Even after fifteen years here – he came in 1989 – though his vocabulary had become exceptional, he still committed grammatical errors.  I told him that his most common was second person, present tense.  Uncountable times, I recall him saying, “Mark, you was wrong” – more times, I fear, than “Mark, you was right.”

Once I asked him who were the greatest phycisists of all time.  He turned it around and asked me my list.  I named a top ten or so.  He said that it was a good list, but that I should have had Hallily in my top five.  “Hallily,” I said, “who was Hallily?  I never heard of him.  Wait a minute, though, I just thought of another, Galileo.”  “That’s him,” said Maxim, “that’s Hallily.  Isn’t that how you pronounce him?”  “No,” I said, “We pronounce it Galileo.  How do you pronounce it in Russian?”  “Galileo, but I thought it was pronounced Hallily in English.”

 For our multi-day, backpack undertakings, Maxim requested that he obtain all the food – to which this indolent omnivore acquiesced.  We ate well.  Most memorable, though, was the first time he handed me a slab of pork fat, about the size of a stick of butter.  As I looked dubiously at it, he said that it had been the wonder-food of the Germans in the winters of the Second World War.  (I thought he said it was Hallah, but haven’t been able to Google it.)  To my obvious observation, he replied that they would have lost much sooner without it.  Another time, he handed me about a third of a quarter-pound stick of butter to eat.
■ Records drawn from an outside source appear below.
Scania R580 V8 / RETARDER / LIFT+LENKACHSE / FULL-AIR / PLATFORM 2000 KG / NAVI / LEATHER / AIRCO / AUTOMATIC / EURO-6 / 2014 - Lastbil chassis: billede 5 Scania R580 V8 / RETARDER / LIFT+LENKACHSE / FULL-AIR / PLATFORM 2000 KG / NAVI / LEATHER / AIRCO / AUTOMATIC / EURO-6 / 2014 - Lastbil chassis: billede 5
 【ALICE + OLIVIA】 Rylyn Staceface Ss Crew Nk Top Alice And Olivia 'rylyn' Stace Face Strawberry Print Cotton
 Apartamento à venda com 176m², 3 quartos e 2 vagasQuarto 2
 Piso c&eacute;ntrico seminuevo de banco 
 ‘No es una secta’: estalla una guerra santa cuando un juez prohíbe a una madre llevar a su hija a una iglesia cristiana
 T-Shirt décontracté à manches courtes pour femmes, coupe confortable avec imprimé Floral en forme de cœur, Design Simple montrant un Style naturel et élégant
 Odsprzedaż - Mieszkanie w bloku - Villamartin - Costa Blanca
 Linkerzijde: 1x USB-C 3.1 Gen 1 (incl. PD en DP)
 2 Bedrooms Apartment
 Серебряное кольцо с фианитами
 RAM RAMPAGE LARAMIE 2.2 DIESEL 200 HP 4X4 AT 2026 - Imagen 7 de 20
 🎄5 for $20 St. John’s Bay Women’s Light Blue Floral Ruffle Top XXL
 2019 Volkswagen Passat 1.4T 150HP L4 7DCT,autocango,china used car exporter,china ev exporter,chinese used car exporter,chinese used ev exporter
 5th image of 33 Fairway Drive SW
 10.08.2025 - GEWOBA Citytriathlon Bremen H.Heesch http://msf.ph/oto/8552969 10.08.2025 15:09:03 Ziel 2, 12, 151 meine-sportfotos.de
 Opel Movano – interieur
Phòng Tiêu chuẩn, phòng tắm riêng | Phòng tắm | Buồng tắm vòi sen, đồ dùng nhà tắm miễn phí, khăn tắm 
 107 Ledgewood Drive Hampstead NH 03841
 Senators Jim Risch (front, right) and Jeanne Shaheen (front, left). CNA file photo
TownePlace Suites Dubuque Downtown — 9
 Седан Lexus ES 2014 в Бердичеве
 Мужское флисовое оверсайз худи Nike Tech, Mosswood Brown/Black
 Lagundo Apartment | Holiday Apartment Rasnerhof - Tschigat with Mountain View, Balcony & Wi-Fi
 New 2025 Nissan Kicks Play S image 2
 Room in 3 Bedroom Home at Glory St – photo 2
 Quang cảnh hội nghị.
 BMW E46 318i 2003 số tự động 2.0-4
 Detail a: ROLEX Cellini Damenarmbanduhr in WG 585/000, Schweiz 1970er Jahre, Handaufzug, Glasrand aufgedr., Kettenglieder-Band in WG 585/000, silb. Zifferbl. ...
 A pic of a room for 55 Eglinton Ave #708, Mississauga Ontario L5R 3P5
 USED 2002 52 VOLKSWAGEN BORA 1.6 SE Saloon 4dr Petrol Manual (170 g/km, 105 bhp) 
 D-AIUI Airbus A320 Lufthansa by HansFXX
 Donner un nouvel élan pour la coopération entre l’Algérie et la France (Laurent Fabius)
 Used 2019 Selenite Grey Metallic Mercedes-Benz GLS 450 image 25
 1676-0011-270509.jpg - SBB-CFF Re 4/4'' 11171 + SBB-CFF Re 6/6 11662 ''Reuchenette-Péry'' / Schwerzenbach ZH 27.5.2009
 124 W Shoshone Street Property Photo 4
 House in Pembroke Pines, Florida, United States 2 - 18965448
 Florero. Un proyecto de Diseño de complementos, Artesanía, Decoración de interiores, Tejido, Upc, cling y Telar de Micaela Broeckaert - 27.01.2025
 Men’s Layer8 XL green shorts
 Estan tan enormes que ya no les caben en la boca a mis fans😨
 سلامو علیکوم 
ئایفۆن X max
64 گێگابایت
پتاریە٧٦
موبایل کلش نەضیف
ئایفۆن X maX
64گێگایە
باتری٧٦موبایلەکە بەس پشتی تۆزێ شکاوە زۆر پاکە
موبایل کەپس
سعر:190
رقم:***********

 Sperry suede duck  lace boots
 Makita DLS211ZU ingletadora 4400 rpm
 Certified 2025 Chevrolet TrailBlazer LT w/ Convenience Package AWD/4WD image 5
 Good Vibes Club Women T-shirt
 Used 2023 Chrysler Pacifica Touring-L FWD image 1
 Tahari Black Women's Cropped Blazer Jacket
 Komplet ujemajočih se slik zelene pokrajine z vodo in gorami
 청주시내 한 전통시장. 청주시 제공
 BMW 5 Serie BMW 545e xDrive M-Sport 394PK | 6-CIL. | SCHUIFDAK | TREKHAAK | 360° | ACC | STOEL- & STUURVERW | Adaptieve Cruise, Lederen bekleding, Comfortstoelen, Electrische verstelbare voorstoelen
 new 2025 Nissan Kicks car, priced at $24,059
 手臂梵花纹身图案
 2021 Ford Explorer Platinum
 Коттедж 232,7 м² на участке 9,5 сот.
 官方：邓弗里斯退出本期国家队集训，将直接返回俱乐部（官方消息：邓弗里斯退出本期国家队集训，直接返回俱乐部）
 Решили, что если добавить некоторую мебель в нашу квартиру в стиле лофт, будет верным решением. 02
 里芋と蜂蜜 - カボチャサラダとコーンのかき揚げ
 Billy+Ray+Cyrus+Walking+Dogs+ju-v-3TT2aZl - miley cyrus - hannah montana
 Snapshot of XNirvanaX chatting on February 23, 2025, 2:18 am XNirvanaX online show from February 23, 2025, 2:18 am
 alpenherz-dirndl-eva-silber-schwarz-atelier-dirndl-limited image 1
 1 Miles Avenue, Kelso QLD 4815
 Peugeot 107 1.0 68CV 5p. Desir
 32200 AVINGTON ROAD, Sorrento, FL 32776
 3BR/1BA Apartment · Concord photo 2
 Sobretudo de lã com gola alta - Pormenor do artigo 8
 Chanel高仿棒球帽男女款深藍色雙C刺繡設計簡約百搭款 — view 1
In the spring of 2015, Maxim invited me to climb with him in a gym in Nashua – our first time climbing together in nearly a decade.  It was fun for me, less so for Maxim.  He still climbed better than I, but not so well as when we were younger – which dismayed him.  We went to his home where he prepared dinner for me – for the first time not in the context of camping.

He was content in his pleasant and spacious new home and his life.  He showed me his extensive library, mostly Russian literature.  Pushkin was his favorite – whose writings he had often extolled to me.

Most of his time – as it had for several years – went into his personal project in mathematical physics.  I gathered that he was deriving a new mode of describing and calculating quantum reality.  He climbed regularly at the gym with his friends Katya and Sergey Vorotnikov(a) and hiked much – especially with Katya.  I was happy for him.